Information provided
+++
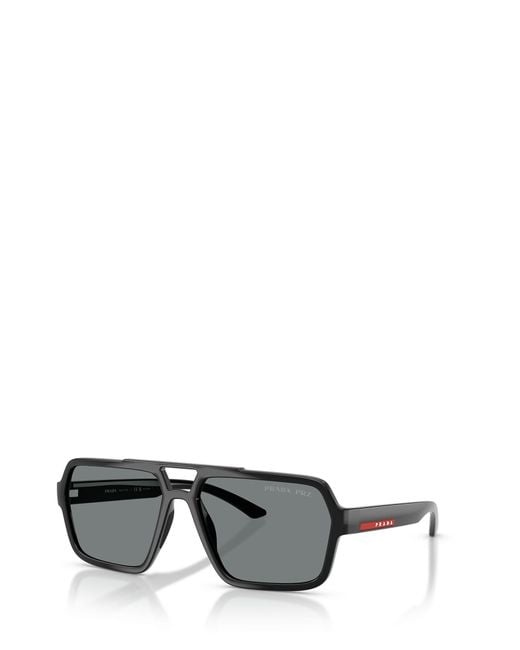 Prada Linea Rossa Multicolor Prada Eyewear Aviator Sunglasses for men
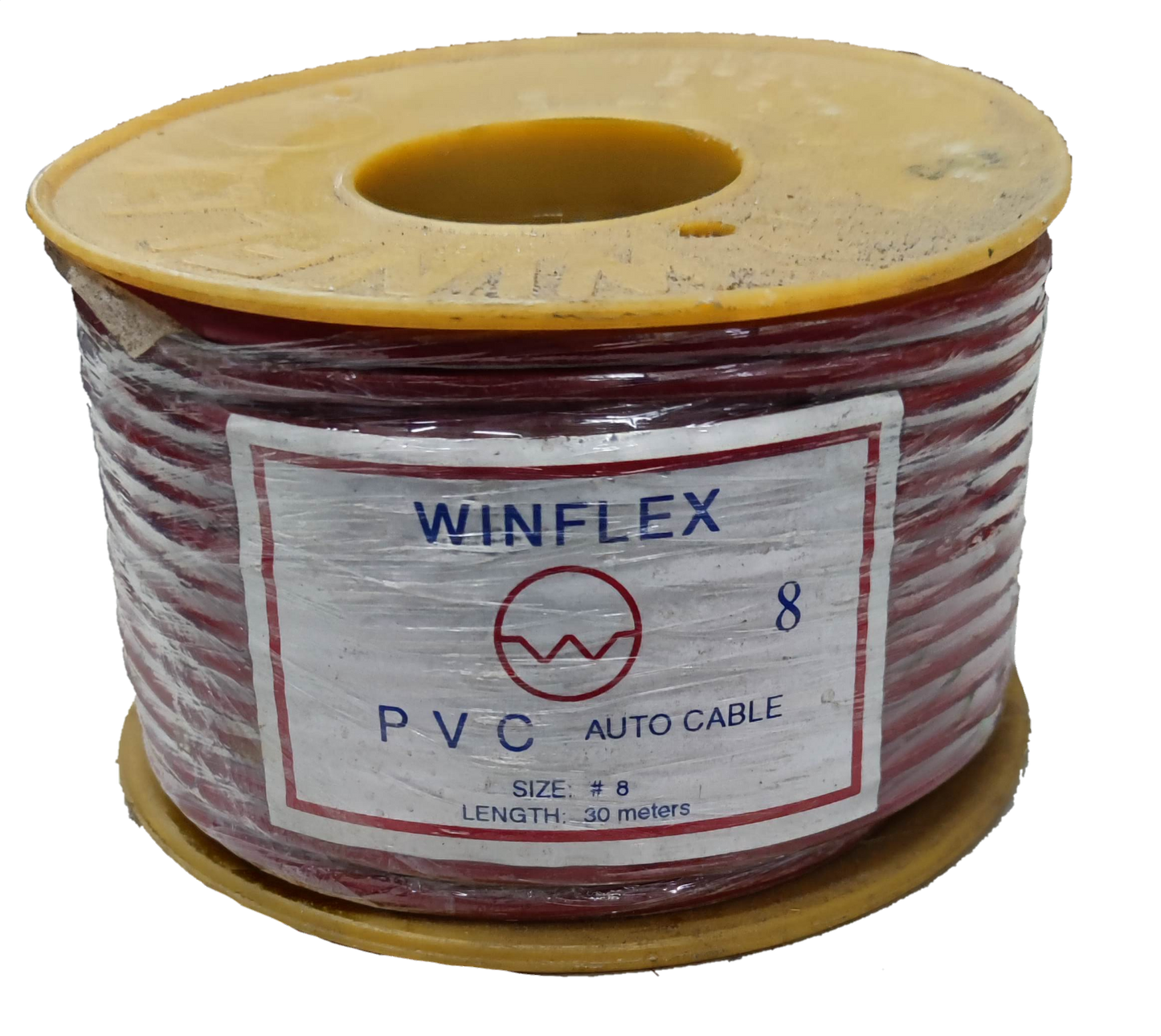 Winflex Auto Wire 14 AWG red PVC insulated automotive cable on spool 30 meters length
+++
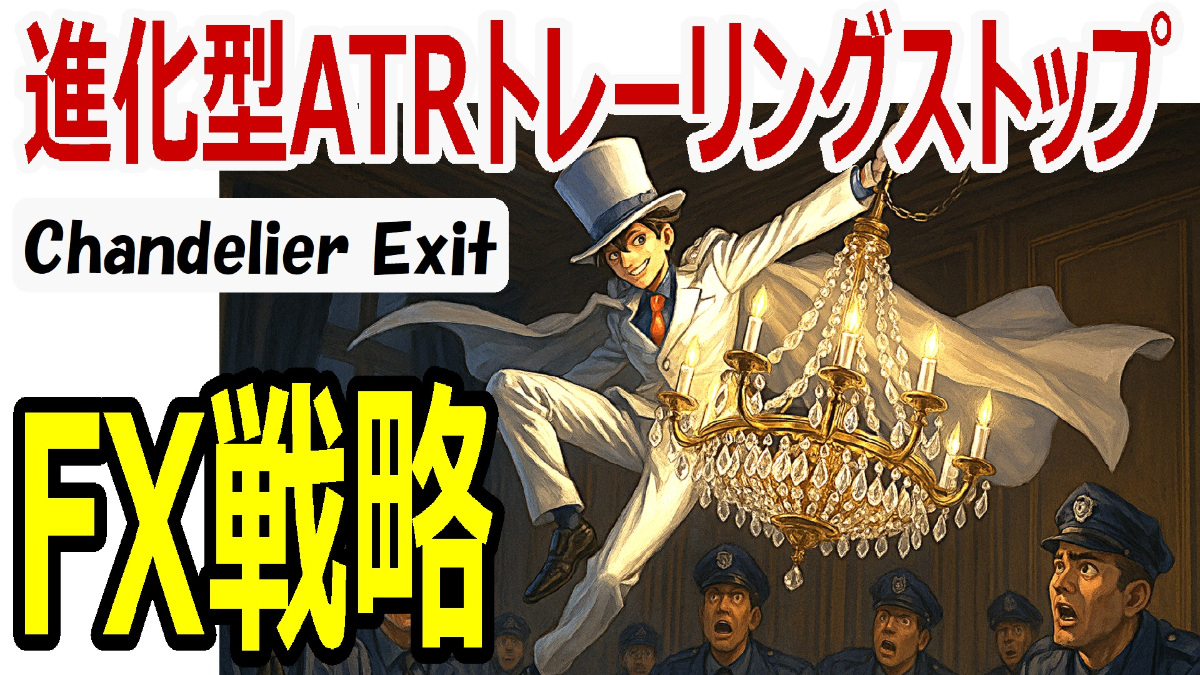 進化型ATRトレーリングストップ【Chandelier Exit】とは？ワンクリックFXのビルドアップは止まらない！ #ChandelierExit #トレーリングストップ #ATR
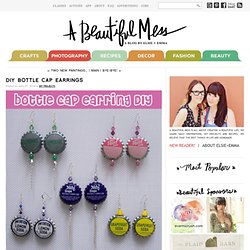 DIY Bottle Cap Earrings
+++
Required work
In the data above, the stretch from the line with "#ChandelierExit #トレーリングストップ #ATR" through the line with "DIY Bottle Cap Earrings" is to be returned exactly, minus any pictures.

Reply to the task
 進化型ATRトレーリングストップ【Chandelier Exit】とは？ワンクリックFXのビルドアップは止まらない！ #ChandelierExit #トレーリングストップ #ATR
 DIY Bottle Cap Earrings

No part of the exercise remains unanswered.